You can’t imagine how perfect your advice is for me, as well as the protagonist I have created. If you are willing to indulge me, here are a couple of excerpts from Unreasonable Suspicion.
Once they were both inside, Brenda closed her office door and pressed her back against it, as if to create a barricade. Despite her waif-like appearance, the magnetic field of anger emanating from her would have been enough to bar anyone from barging in. After a long exhale, she said, “He did that to deliberately challenge my authority. To humiliate me…”
“You did zat to deliberately defy me, Renata. Now play it correctly.” Renata shuddered ever so slightly and the fingertips of her left hand tingled at the recollection of her mother’s words, and the dissonant strains of a late Beethoven string quartet.
.....
At last it was time to practice the fourth step of spiritual health - letting go of the results. Reportedly, according to Native American wisdom it followed (1) showing up, (2) doing your best, and (3) telling the truth. For Renata that played out in early 21st Century European-American tradition as having a glass of wine, or, the occasional cocktail if circumstances warranted something a little stronger. Um, like this evening maybe? She turned on her sound system, and while her Manhattan “cooked” in the freezer for the required 30 minutes, she went upstairs to shed her management guru getup and relax in a warm tub scented with White Moss bath gel and wonder if Dr. Stern, Asher, might possibly have marital problems.

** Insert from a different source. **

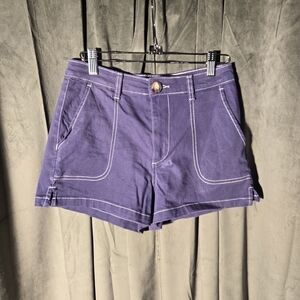 Modcloth Purple Contrast-Stitch Casual Jean Shorts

It was a little before seven when Renata padded back down the steep wooden stairs swaddled in a white terry cloth robe and puffy animal print slippers that were a birthday present from her dad’s longtime girlfriend, Nutmeg. From her sofa she could see the Fremont Bridge looking like a colossal diamond necklace spanning the Willamette River – an impression further enhanced by a few sips of good bourbon mixed with sweet vermouth and bitters. Her short term goal was to make the allotted single serving of hard liquor last until Kenny Burrell finished fingering Blues in the Night.